» **What you need to do**
Could you retype the records below exactly as they appear, skipping any pictures?

» **Short descriptive text snippets**
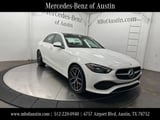 2026 Mercedes-Benz C-Class - Preview 2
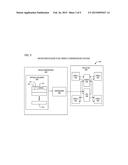 MULTI-CORE MICROPROCESSOR CONFIGURATION DATA COMPRESSION AND DECOMPRESSION     SYSTEM diagram and image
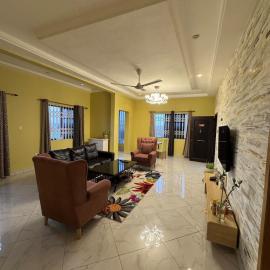 Andug Apartment
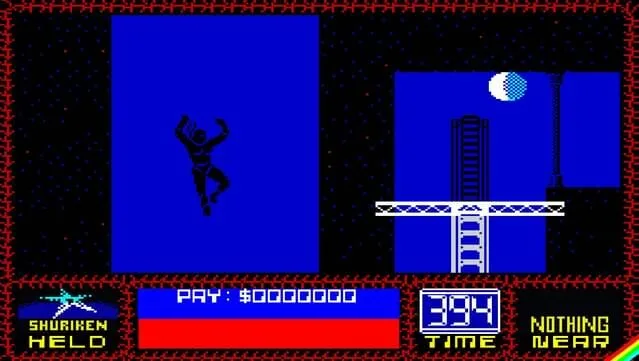 Saboteur II: Avenging Angel PC Screenshot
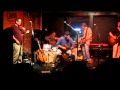 The Gourds - "Ants On The Melon" - Cain's - Tulsa, OK - 9/19/09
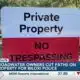 Broadwater owners cut paths on property for Biloxi police
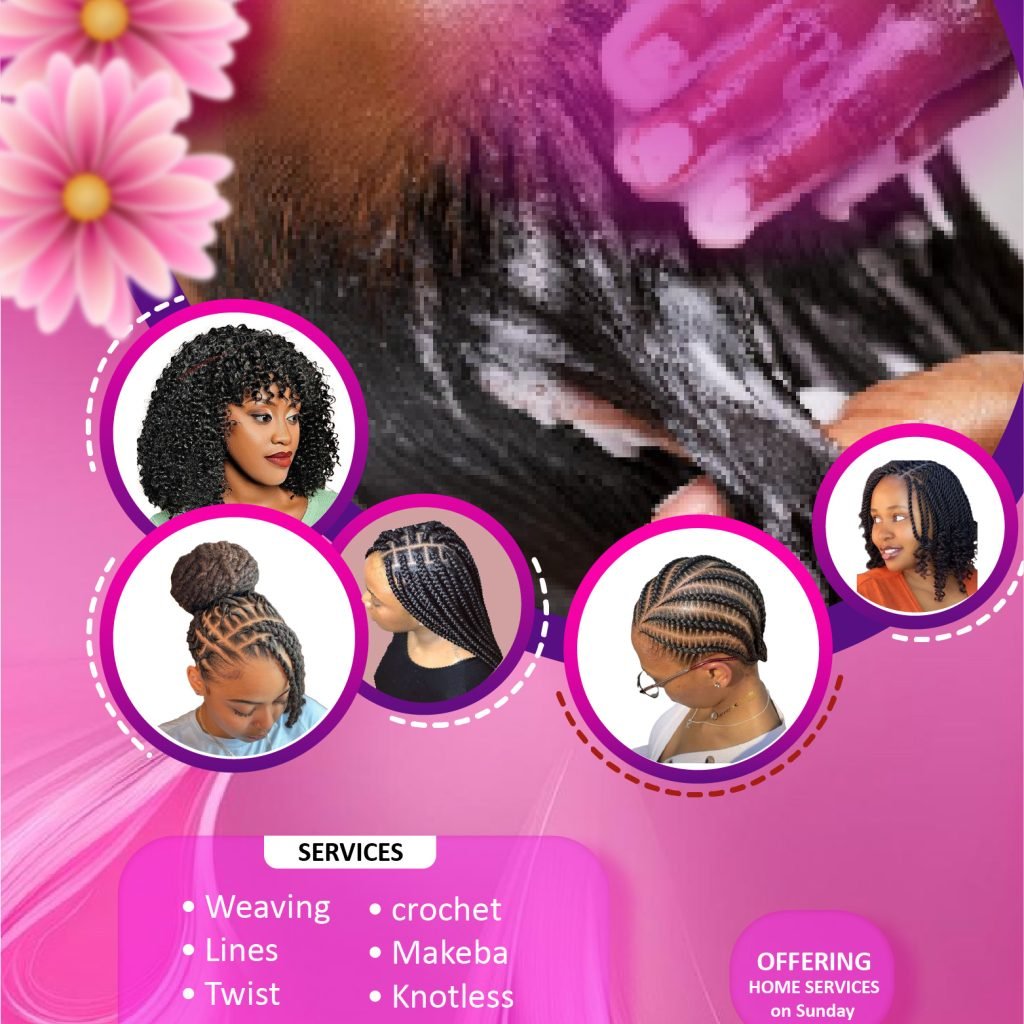 40590I Will Design Eye-Catching Posters and Flyers to Promote Your Event and business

» **Answer to this problem**
 2026 Mercedes-Benz C-Class - Preview 2
 MULTI-CORE MICROPROCESSOR CONFIGURATION DATA COMPRESSION AND DECOMPRESSION     SYSTEM diagram and image
 Andug Apartment
 Saboteur II: Avenging Angel PC Screenshot
 The Gourds - "Ants On The Melon" - Cain's - Tulsa, OK - 9/19/09
 Broadwater owners cut paths on property for Biloxi police
 40590I Will Design Eye-Catching Posters and Flyers to Promote Your Event and business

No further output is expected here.